フクロウ迷子事件
| 学芸室より
迷子の発見、そして保護
先日、美術館のゲートを開けようとしたらフクロウの子どもを発見しました。どうやら夜の飛行練習のあと母フクロウとはぐれてしまい、いつの間にか朝になってしまった、、、という迷子でした。美術館のマスコットとしてずっといてほしいと思ったのですが、鳥獣保護法も頭によぎったので県に相談。それから、野鳥の会の専門家に来ていただき山へ還してもらいました。

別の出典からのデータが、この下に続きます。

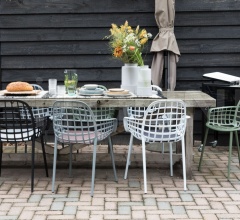 Стул с подлокотниками Albert Kuip Garden фабрика Zuiver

モフモフの体毛、キュルルンとした瞳、パチパチとゆっくり瞬きする姿、すべての所作が可愛かったフクロウちゃん(短い付き合いでしたがフーちゃんと呼んでいました)。アオバヅクという種類で、夜になると母フクロウが「ほーほー」鳴いて子供を探すそうです。無事に親子が合流できますように。
邦坊が描いた鳥たち
保護に協力をしてくれたFさんは、近くにお住まいの野鳥の専門家。お礼をかねて美術館もご案内したのですが、ついでに邦坊が描いた鳥の絵を見ながら、いろいろ教えていただきました。例えばフクロウの名前「アオバヅク、オオコノハヅク、コノハヅク、トラフヅク、コミミヅク‥」。どうやら「~ヅク」という名前が多いようです。「琴平に住んでいた邦坊さんならオオコノハヅクを描いていたのかもね」という豆知識もいただきました。

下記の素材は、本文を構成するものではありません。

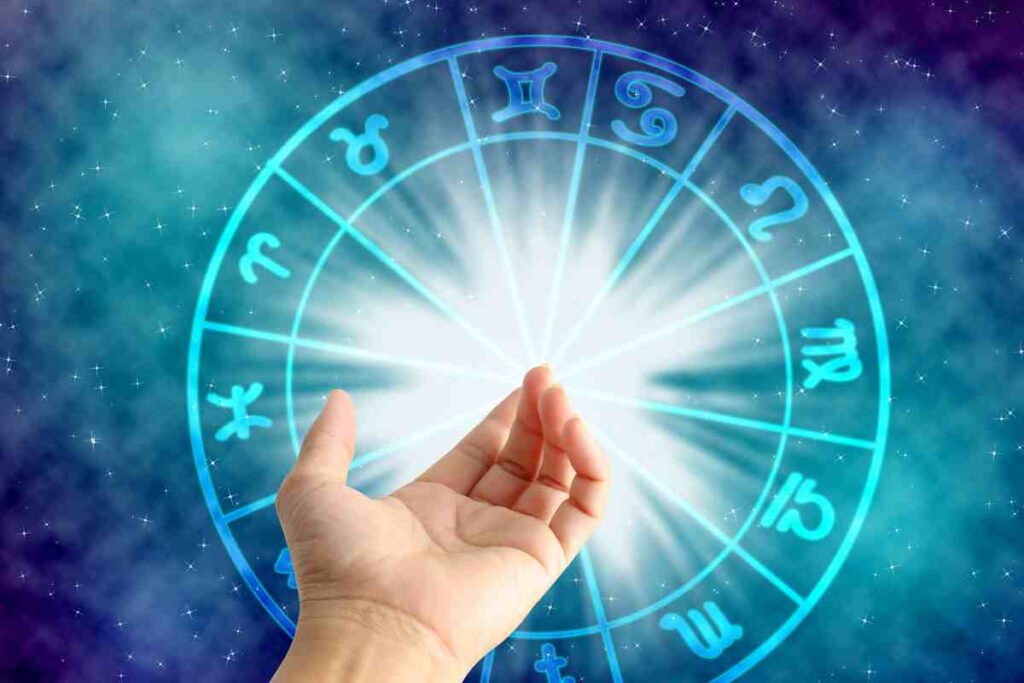 Oroscopo, il giorno più fortunato di settembre per il tuo segno zodiacale è questo, i dettagli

邦坊の絵画は、スケッチや写真がもとになっていますが、必ずしも写実的に風景を描写しているわけではありません。しかし、モデルの名前(今回であれば鳥名)が分かると、絵画の見方も変わってくるものです。迷子事件のおかけで、改めて邦坊の作品は、美術的な視点だけでなく自然史の知識も楽しめる、そんな面白さを見出すことが出来ました。(ちなみに、モノクロの作品は、邦坊の旧宅にあった写真資料です。すべてではありませんが、販売や譲渡などをするときは、記録として写真を撮っていたようです。)
御礼
最後にひとつ御礼を。
フクロウ迷子事件に関しまして、様々な分野の方にご協力いただきました。
皆様のご厚意に感謝申し上げます。ありがとうございました。